By Nesma El Shazly
I was not allowed to leave the house throughout the first week of the revolution. Although my parents wholeheartedly endorsed the revolution, they feared for my life and would not let me join the protests. For this reason I spent that week documenting the events as they unfolded from my own home. The Egyptian people were revolting against sixty years of military rule, calling for three demands: bread, freedom and social justice. For eighteen consecutive days, protesters were engaged in face-to-face confrontations with President Mubarak’s brutal central security forces. Revolutionaries peacefully faced live ammunition, rubber bullets, tear gas, kidnappings and detainment with complete fearlessness.
After watching the horrifying brutality with which protesters were met on The Friday of Anger (28 January), I decided that enough was enough. I could not sit at home helplessly watching my people die. I frantically called up all my friends to see who was willing to march to Tahrir Square with me. Needless to say most of my male friends tried to discourage me out of concern for my safety. I was one of many women facing difficulty in taking to the streets and so, my friends and I, all women, decided to join the ‘Million Man March’ on 1 February.
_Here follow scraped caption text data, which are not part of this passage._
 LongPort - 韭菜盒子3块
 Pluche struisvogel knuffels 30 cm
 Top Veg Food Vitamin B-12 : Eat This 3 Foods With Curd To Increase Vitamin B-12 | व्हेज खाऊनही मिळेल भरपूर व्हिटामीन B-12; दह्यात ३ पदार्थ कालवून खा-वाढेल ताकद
As I walked down the stairs carrying the banner that I had spent the whole night making, my mother followed me, tightly gripping my hoodie, trying to pull me back. My brother drove me to my friend’s house, where we had all planned to meet. That morning came to be a turning point in my life. As we were about to leave to Tahrir, my best friend called me from the airport to tell me that she and her husband were leaving for the U.S for the safety of their 2 year-old child. I experienced a mixture of conflicting emotions. I felt content that I was doing the right thing, excited that I was going to be a part of making history, apprehension of the risks I was about to take and sorrow that I could not even bid my best friend farewell.
There were three phases to our day: comedy, terror and euphoria. The first phase took place on the underground train. As we purchased our tickets the vendor looked at us with pride and said “May God be with you,” while a man standing behind us in line looked at us in disgust and told his wife that we were probably drug addicts. As we boarded the train, an old man selling copies of the Quran followed us on and tried to convince us that we should buy a copy and read it before we go to Tahrir and die. The adverse reactions we received throughout our journey put us in hysterics.
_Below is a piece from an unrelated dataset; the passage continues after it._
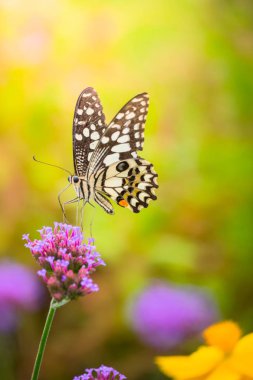 renkli çiçek güzel kelebeği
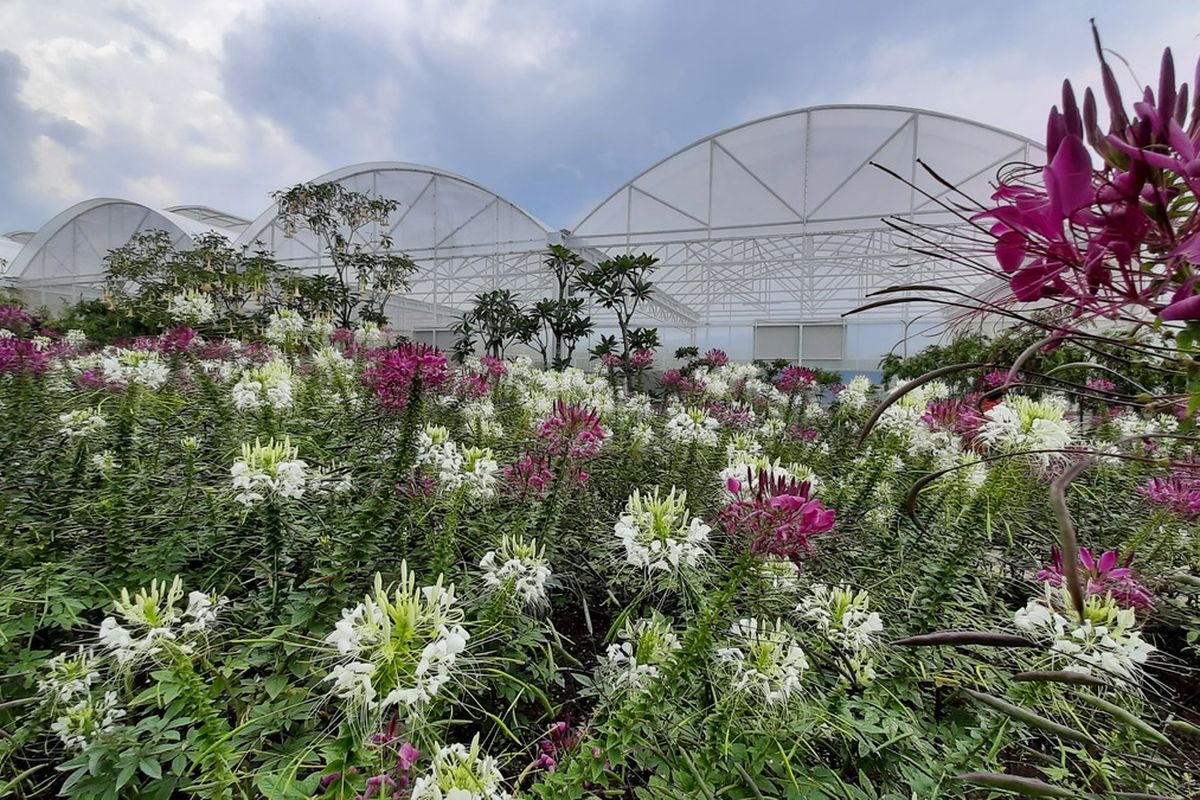 Batu Love Garden: Petualangan Romantis, Bunga & Unta Menanti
We experienced the second phase - terror - as we got off the train in downtown Cairo. We marched through the streets towards the Square alongside several other small groups. Mubarak supporters were surrounding the Square yelling out foul words at all the revolutionaries. An older woman followed me and grabbed my arm asking me where I was going. I looked her straight in the eye and said, “I’m going to Tahrir.” She tightened her grip on my arm and started hitting me and shouting out, “You are going to ruin this country! You are going to turn Egypt into Iraq!” My friends eventually realized that I had been held back and ran to my aid. It was only at this point that we realized the extent of danger we were subjecting ourselves to. We resumed our journey quietly.
As we got closer to the Square we started hearing the enthusiastic chants of the protesters, “Al sha’ab yoreed isqaat al nizam!” (The people demand the fall of the regime!) Surges of revolutionary spirit and energy shot into us, abolishing our fear and wiping away thoughts of our encounter with Mubarak supporters. I have never felt as safe as I did that day in the Square. We were all brothers and sisters uniting for one common goal. People welcomed us as we marched in, handing us water and fruit. Nobody looked at us. No man tried to harass us. Everyone there truly believed in the cause. They knew that this was a matter of life or death.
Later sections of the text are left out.